TASK TO COMPLETE:
Begin at the line that contains "CHURU Receta de" and reproduce it along with every line after it to the end of the listing; skip any pictures.

RECORDS SHOWN:
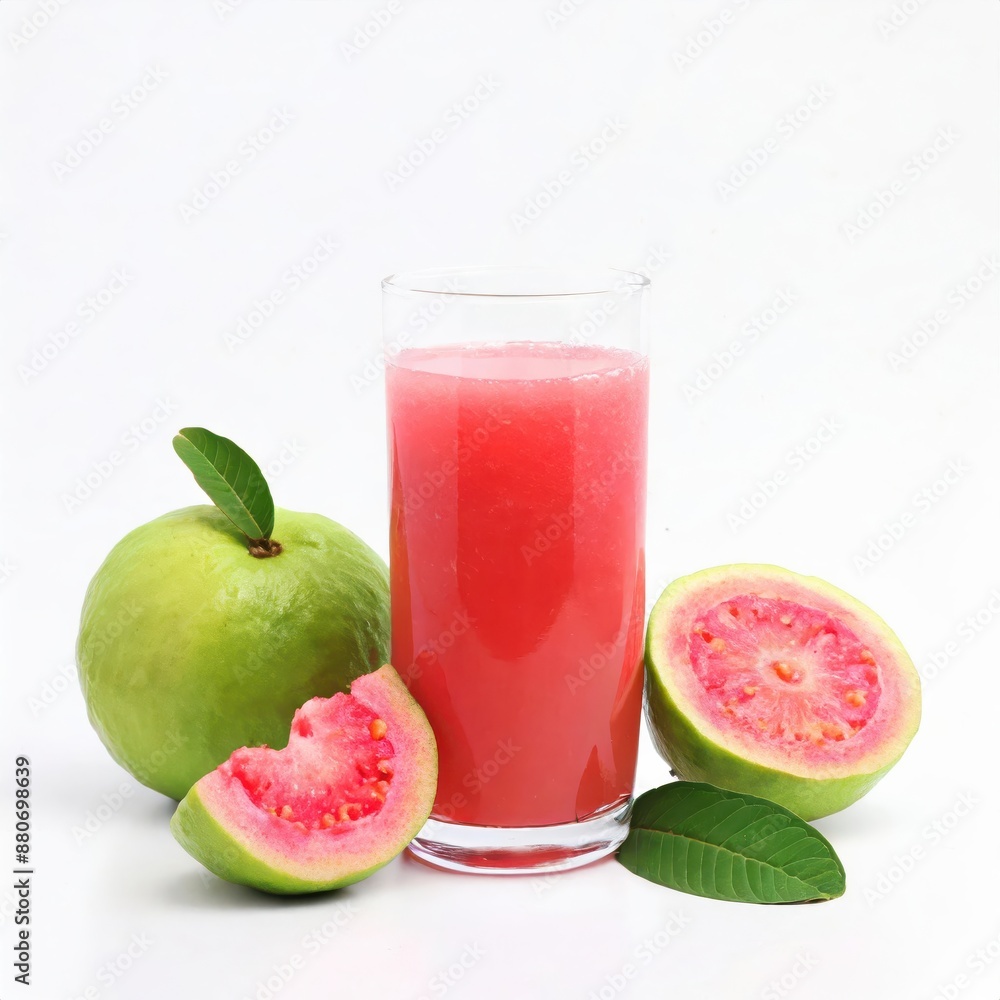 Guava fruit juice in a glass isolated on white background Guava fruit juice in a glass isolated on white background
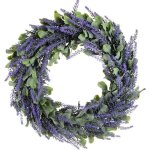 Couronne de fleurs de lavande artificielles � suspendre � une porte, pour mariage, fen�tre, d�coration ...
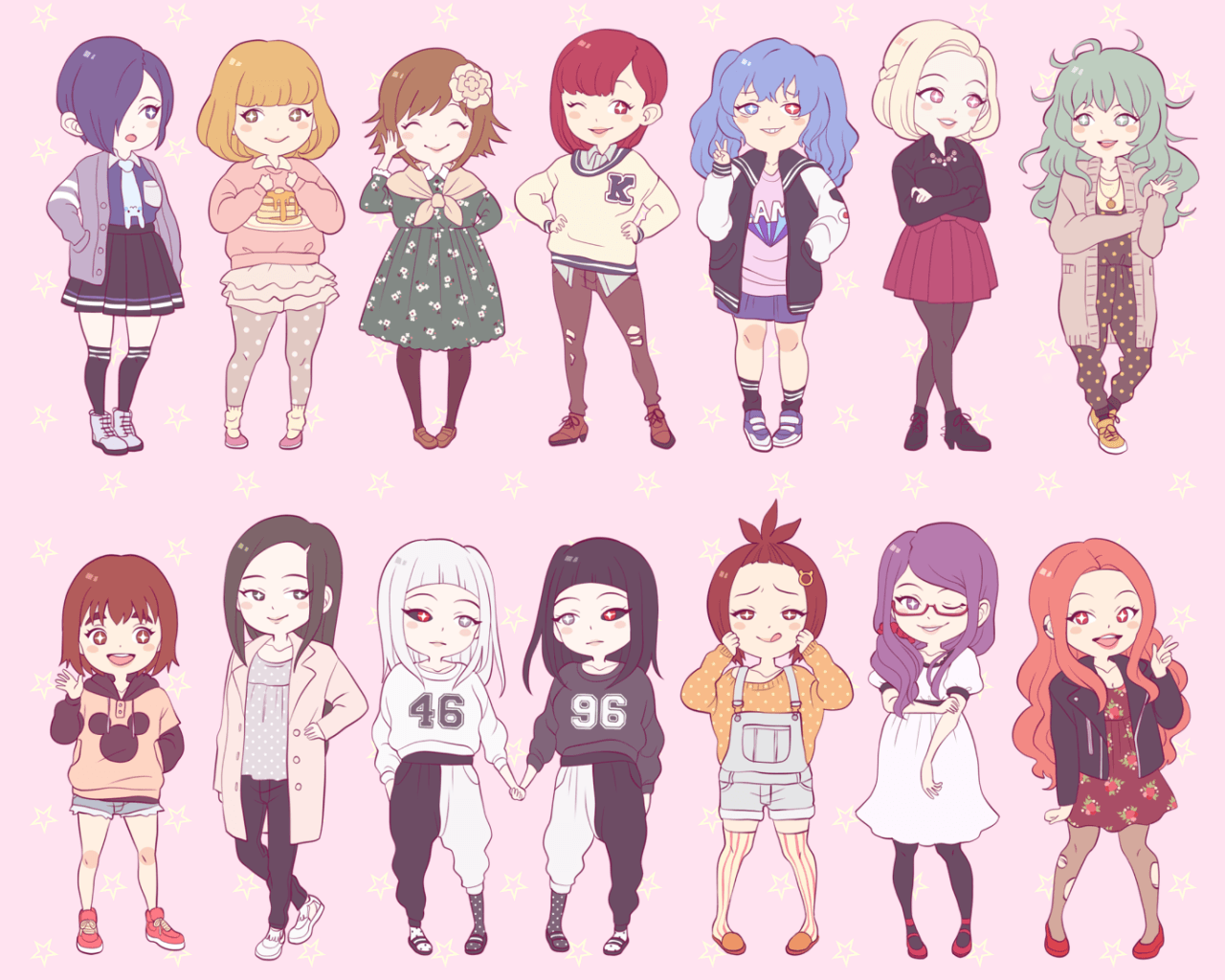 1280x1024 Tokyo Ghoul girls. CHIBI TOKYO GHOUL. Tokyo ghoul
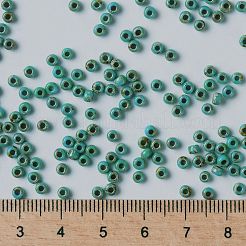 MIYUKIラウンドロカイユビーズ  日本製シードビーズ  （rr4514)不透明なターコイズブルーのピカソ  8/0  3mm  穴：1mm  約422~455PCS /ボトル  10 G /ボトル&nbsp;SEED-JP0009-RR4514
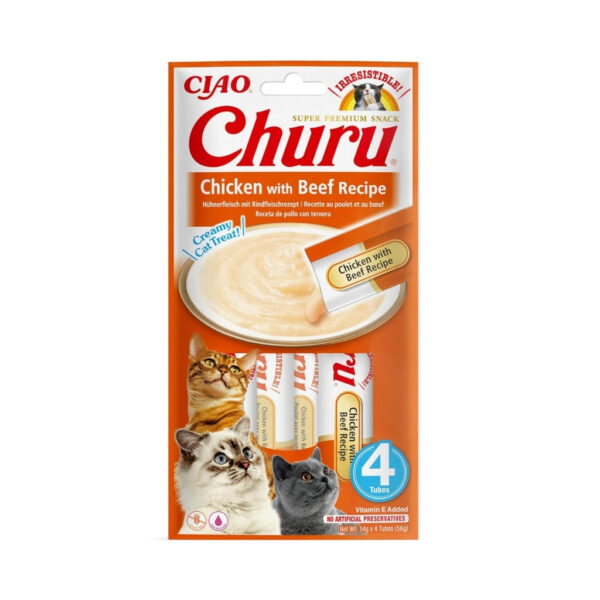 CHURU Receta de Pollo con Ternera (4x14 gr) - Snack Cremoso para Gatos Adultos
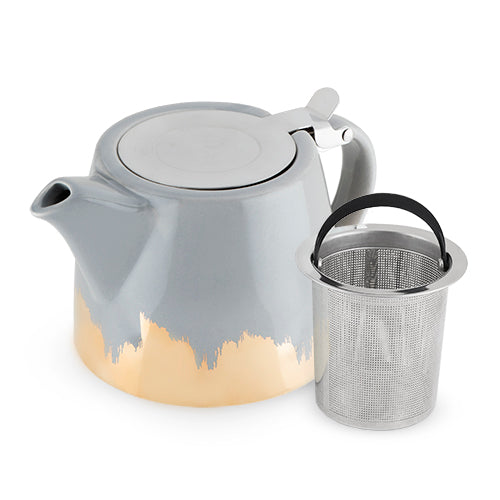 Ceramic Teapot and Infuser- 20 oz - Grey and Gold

ANSWER BOX:
 CHURU Receta de Pollo con Ternera (4x14 gr) - Snack Cremoso para Gatos Adultos
 Ceramic Teapot and Infuser- 20 oz - Grey and Gold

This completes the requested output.